According to Mint.com, you shouldn’t charge more than 10% of your credit card’s limits if you want to keep your credit score in pristine condition.
“Though there isn’t an exact code, the rule of thumb is that consumers who use less than 10% of their available credit tend to be those with the highest credit scores,” says Credit.com Co-Founder and Chairman Adam Levin in the Mint.com article.
CreditKarma.com, an online credit advice site, says never to let your utilization rate go above 30%. In fact, its research shows that people with the coveted 700+ credit scores have credit card utilization ratios well below 30%, with the best scores corresponding to 0-10% utilization ratios.

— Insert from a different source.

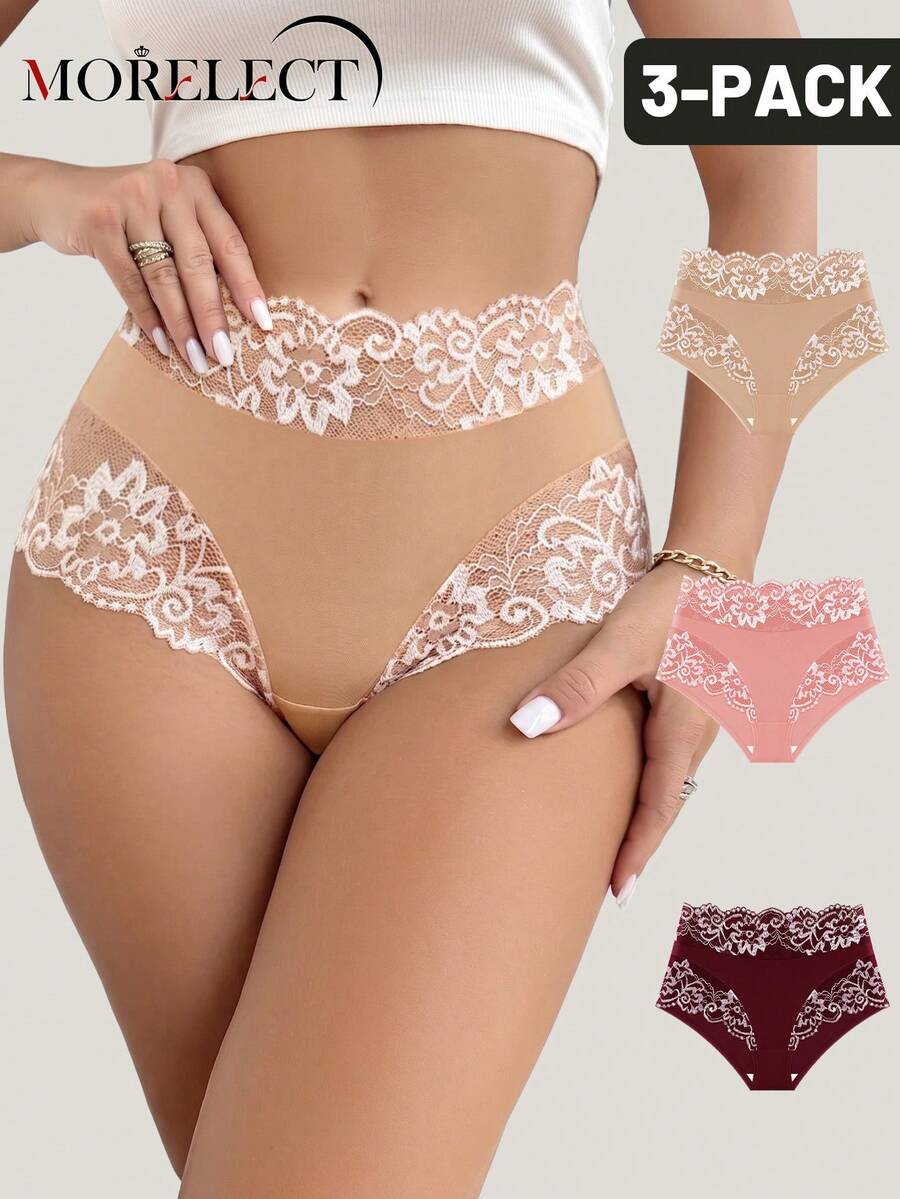 Morelect 3 buah celana dalam wanita model mid-high waist dengan detail renda dan patchwork, nyaman, lembut, dan bernapas.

Why are high utilization ratios so damaging? It shows people are “close to being tapped out on their credit lines, which is a signal to lenders that they are a riskier borrower than those with lower utilization ratios,” explains Mint.com.
(Financial Tip: remember to educate your twenty-something kids about the importance of good credit, and why they need to avoid charging up to their credit card limits. It may not make much sense to them, but that’s the way it is!)
Which states are most in danger
For once, we’re relieved to not see Florida on the list.
Mint.com ranked states by how much of their available credit limit had been used up. That doesn’t necessarily mean they maintain the highest balances, but does mean they’re most in danger of stretching their financial capacity to pay those loans back.
So which states are on the top ten “bad” list?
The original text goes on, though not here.